INSTRUCTIONS TO FOLLOW: Return every record below exactly as written, omitting any pictures.

Top of ENTRIES SUPPLIED

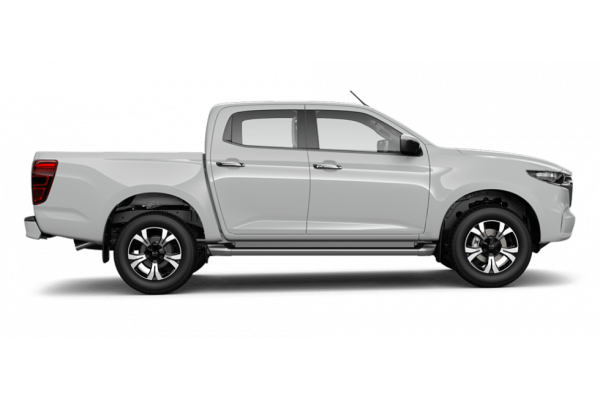 2024 Mazda BT-50 TF XTR Ute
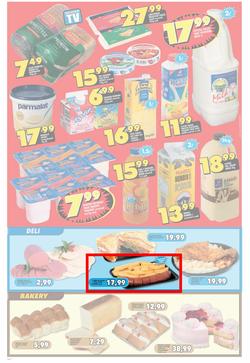 Shoprite Gauteng : Low Prices ( 22 May - 08 Jun 2014 ), page 2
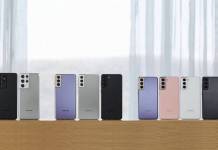 Samsung Galaxy S22 Series Concept Snapdragon 898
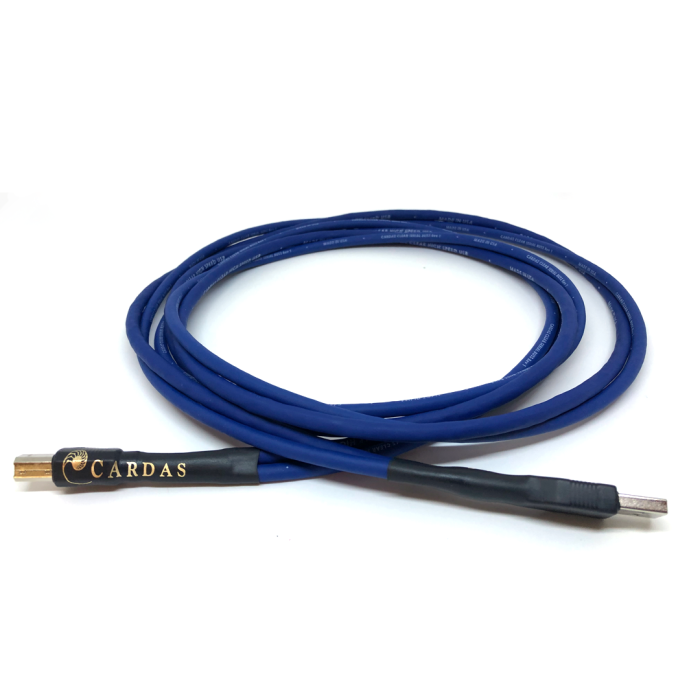 Cardas Audio Clear USB Digital Cable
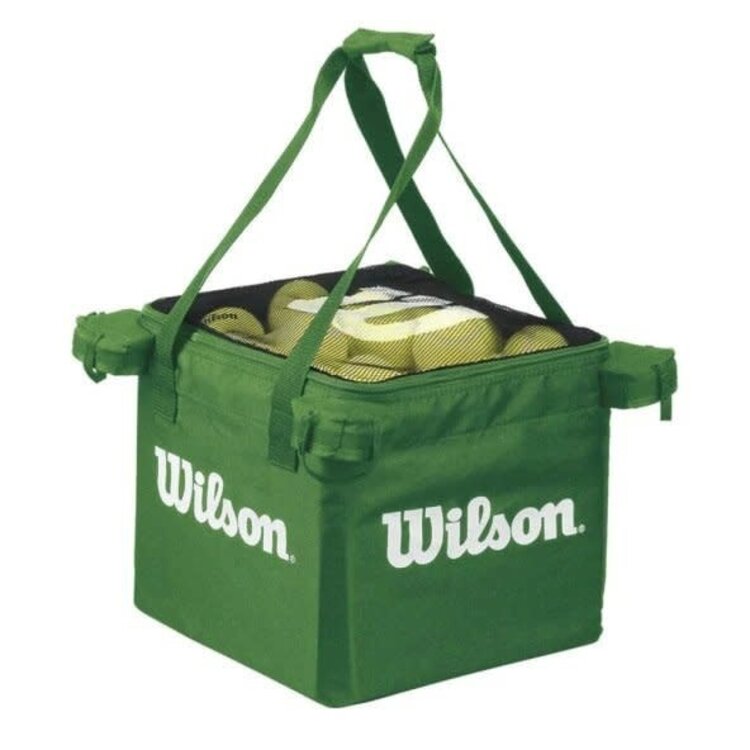 WILSON TEACHING CART BAG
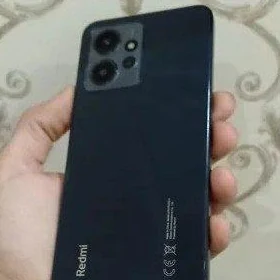 Redmi Note 12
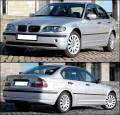 BMW  3 LIMOUSINE LCI 4 (E46) 2002-2005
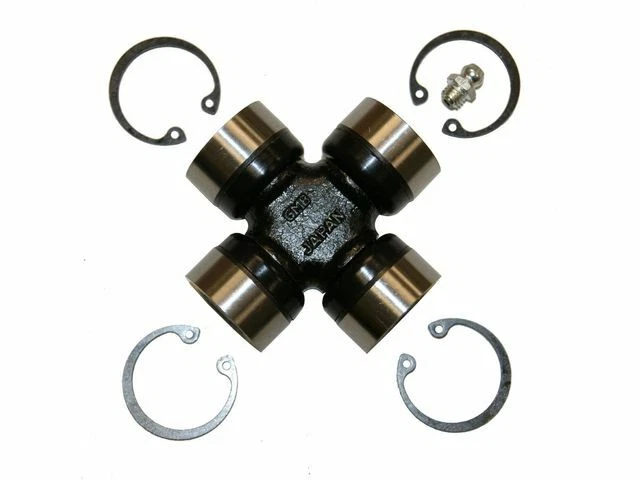 Eje trasero articulado universal para Hyundai Pony 1984-1987 todas las juntas 47176MV 1985 Foto 1 de 2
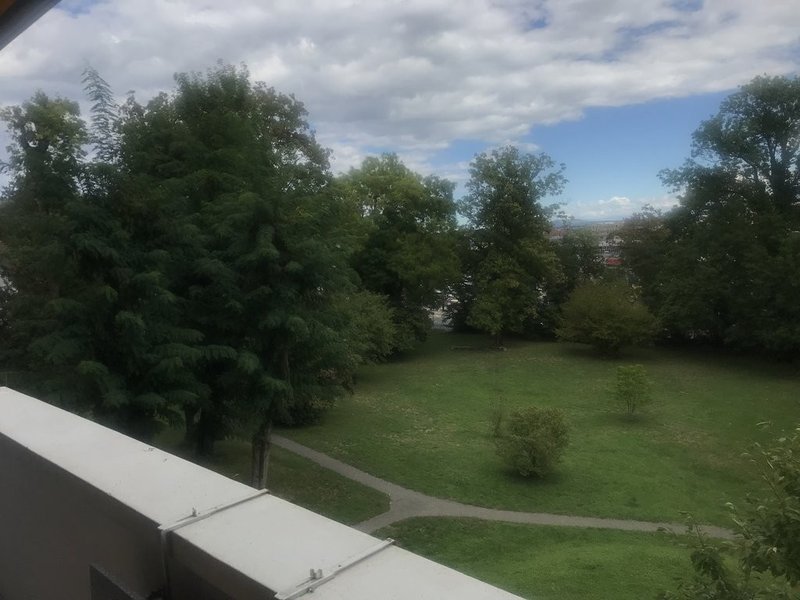 Photo 2 de Rue Elisabeth-Baulacre 24, Genève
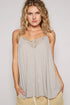 Tranquil Seduction Top - Roaming Gypsy Boutique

Bottom of ENTRIES SUPPLIED

YOUR RESPONSE:
 2024 Mazda BT-50 TF XTR Ute
 Shoprite Gauteng : Low Prices ( 22 May - 08 Jun 2014 ), page 2
 Samsung Galaxy S22 Series Concept Snapdragon 898
 Cardas Audio Clear USB Digital Cable
 WILSON TEACHING CART BAG
 Redmi Note 12
 BMW  3 LIMOUSINE LCI 4 (E46) 2002-2005
 Eje trasero articulado universal para Hyundai Pony 1984-1987 todas las juntas 47176MV 1985 Foto 1 de 2
 Photo 2 de Rue Elisabeth-Baulacre 24, Genève
 Tranquil Seduction Top - Roaming Gypsy Boutique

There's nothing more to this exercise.